Federal tax prosecutions in the United States have dropped to their lowest level in decades, plunging by more than 27% over the past year, according to a Reuters investigation. The sharp decline follows major staffing cuts and policy shifts under President Donald Trump’s administration, which has redirected law enforcement resources toward immigration enforcement.
The administration’s overhaul of the Justice Department and the Internal Revenue Service (IRS) has drastically reduced the number of attorneys and agents pursuing tax crimes. Government data and interviews with current and former officials indicate that some remaining personnel were reassigned to assist with immigration cases or street patrols in Washington, D.C.
At the same time, the Justice Department closed its Tax Division, a key office overseeing criminal tax prosecutions since the 1930s. Officials said roughly one-third of the 80 prosecutors who worked there resigned rather than accept reassignment.
The federal government estimates that it fails to collect nearly $700 billion in taxes owed each year. Although criminal prosecutions account for only a small fraction of this amount, experts warn that weakened enforcement could embolden tax evaders.
“Decreasing criminal enforcement across all types of taxpayers would signal an indifference to cheating and insults the millions of honest filers who pay the taxes they owe,” said David Hubbert, a senior fellow at the Tax Law Center at New York University and former acting head of the Justice Department’s Tax Division.
Sharp Decline in Tax Cases
Reuters reviewed federal court records and found that the number of Justice Department attorneys involved in tax prosecutions fell from about 420 last year to 160 this year.
Three people familiar with internal deliberations said senior Trump officials had informed prosecutors that tax investigations were “not a priority.” One participant said the new leadership was “very skeptical about white-collar crime and whether we should be doing those cases.”
Justice Department spokeswoman Natalie Baldassarre defended the restructuring, saying the closure of the centralised tax-crimes office “will not impact the ability of its civil litigators and criminal prosecutors to advance its mission to fairly and consistently enforce the nation’s tax laws.”
However, the IRS confirmed a reduction of 330 criminal enforcement employees this year, even as the agency faces a backlog of uncollected revenue and a surge in complex financial crimes.
Broader Enforcement Shift
The administration’s focus on immigration has further strained tax enforcement. The IRS’s criminal investigations unit lost more than 10% of its workforce between January and June, according to the National Taxpayer Advocate, which also reported that overall IRS staffing has fallen by more than a quarter.

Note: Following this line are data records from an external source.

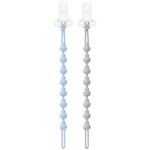 BEBOAN Silicone Dummy Clips for Boys and Girls, 2 Pack Soother Chains Soft Flexible Pacifier Clips with Clasp for Baby Unisex Newborn Dummies Teething Toys (Blue+Grey)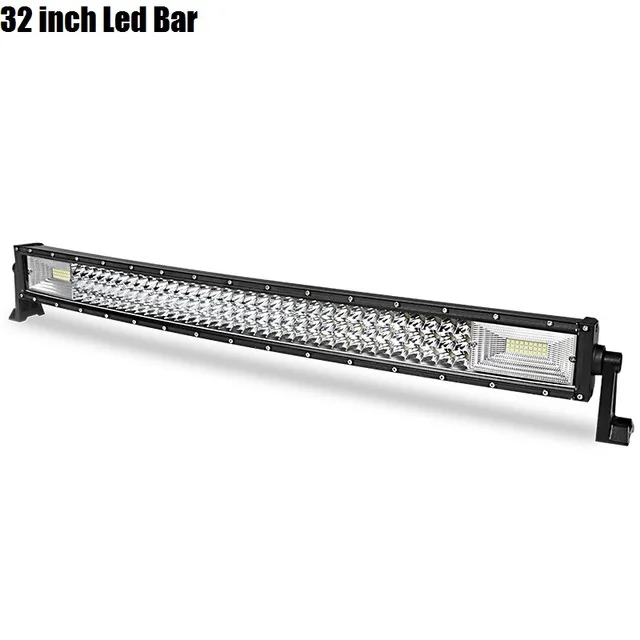 32 inch Light Bar DERI трехрядный изогнутый СВЕТОДИОДНЫЙ светильник для внедорожника Светодиодный точечный прожектор комбинированный луч светодиодный рабочий светильник 12 в 24 в автомобильный модифицированный Стайлинг - Цвет: 32 inch Light Bar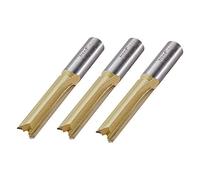 Trend Straight Two Flute Worktop Router Cutter, 1/2 Inch Shank, 12.7mm Cut Diameter & 50mm Cut Length, Tungsten Carbide Tipped, 3 Pack, BR01/3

Some IRS agents have been reassigned to non-tax duties, including crime patrols in Washington, D.C., as part of President Trump’s effort to show a tougher stance on street crime. Two officials said the Washington field office initially assigned only a few of its 60 agents to these patrols, but after pressure from senior aide Stephen Miller, the number increased to over 20.
“The investigators who remain are being pulled in a lot of directions,” said a former Justice Department official. “The damage being done is significant.”
Impact on Legal Expertise
The drop in prosecutions has also coincided with an exodus of experienced lawyers from U.S. attorneys’ offices. More than 1,000 federal prosecutors have left the department this year, roughly double the number who departed in prior years.
Valerie Makarewicz, who recently left the Los Angeles U.S. Attorney’s Office, said her team once had 10 prosecutors handling tax cases, but now only “three or four” remain.
“It’s a niche field, and developing that expertise takes time,” she said.
Data and Trends
Reuters’ analysis of federal criminal case dockets dating back to the 1990s showed that by November 1, only 251 individuals had been charged with tax-related crimes in 2025, a 27% decline from the same period last year.
The slowdown coincides with ongoing reviews by the Trump administration of past Justice Department investigations for alleged “political bias.” No evidence has been presented to substantiate such claims.
In one high-profile case, cryptocurrency investor Roger Ver, known as “Bitcoin Jesus,” accused the Justice Department of politically motivated prosecution over charges of tax evasion. Ver later reached a deferred prosecution agreement with the department — negotiated by attorneys linked to Trump allies, allowing him to avoid conviction in exchange for paying nearly $50 million to the U.S. government.
A Changing Enforcement Landscape
As the Justice Department’s priorities shift, experts fear that the decline in tax prosecutions could weaken deterrence and further widen the gap between taxes owed and taxes collected.
For many observers, the trend reflects not just budget cuts but a deeper institutional retreat from white-collar enforcement, one that may take years to reverse.